A scenario she frequently uses as an example with patients is urgent care visits — she starts by asking them about the last time they were sick. 

“Their eyes are opening at this point. They think, ‘Oh, you’re right. Because I got sick, I went to urgent care or the hospital [emergency department], whatever it was, and suddenly got this facility fee, my deductible was $10,000, I’m paying all of these bills.'” 

She has often found that when patients calculate the added costs of copays, labs and other unexpected charges, it frequently exceeds that of a DPC plan that may have been able to provide the same services. She also underscores to patients that weighing the costs of a DPC plan isn’t the same as other day-to-day investments and purchases.

“It’s not just affordable — it’s your health,” she said. “It’s not like a car wash or something. It’s really, really so vital to access somebody in that way.” 

Dr. Baumgaertel acknowledged that despite this, DPC is not a silver bullet for healthcare access and won’t necessarily work for everyone. But for those who are already paying monthly insurance premiums, and especially those who utilize their healthcare services more frequently, it can make a significant difference in their healthcare experience.

“People are just plagued with trying to get in [with their physician] and can’t get in. And then, of course, maybe you get in, and it’s not even your doctor — it’s someone you’ve never met because yours is unavailable,” she said. “That whole rat race is so frustrating when you’re well, and beyond frustrating when you’re ill. And imagine that you have a critical illness or cancer or something going on — it just compounds.” 
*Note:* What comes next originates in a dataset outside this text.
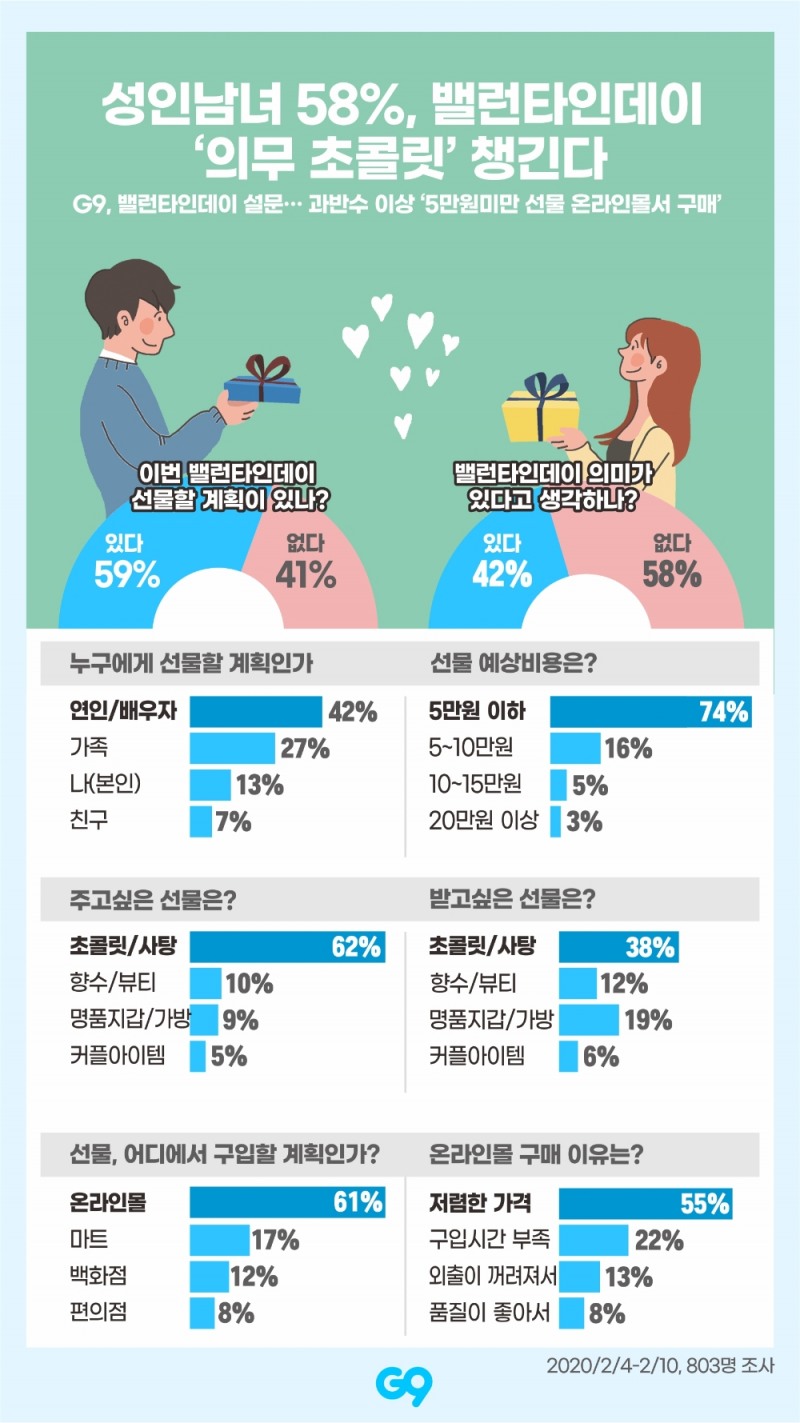 성인남녀 58%, 밸런타인데이 ‘의무 초콜릿’ 챙긴다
She also noted that as these practices scale up, it could take some burden off of health systems who are managing high patient volumes and provider shortages that contribute to strain that led to DPC’s creation to begin with.

For example, Rahul Iyengar, MD, a primary care physician in Nashville, Tenn., told WTVF NewsChannel 5 in March 2025 that when he first graduated medical school, he encountered primary care physicians seeing 30 to 40 mostly sick patients per day. 
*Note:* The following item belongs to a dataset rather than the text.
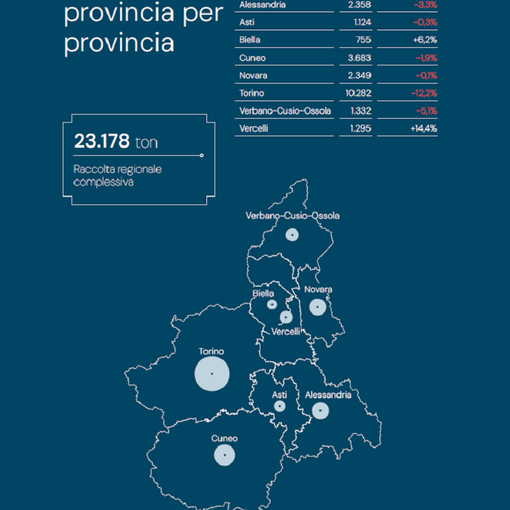 In Piemonte diminuisce lo smaltimento di apparecchi e attrezzature elettroniche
“You’re on that hamster wheel day to day. In the system, doctors don’t get to make their schedules. You’re an employee, and insurance is really what dictates your scheduling,” Dr. Iyengar told the outlet.

His DPC model has given him a flexibility that he sees improving his practice moving forward. 

“Insurance is great. It has a role, but it’s not designed to keep you healthy. It’s designed for when something breaks. So I compare it to car insurance, where even if you have the best car insurance, you still end up paying for gas, oil changes, car washes, tires and all the maintenance. That’s what I do for health,” Dr. Iyengar said.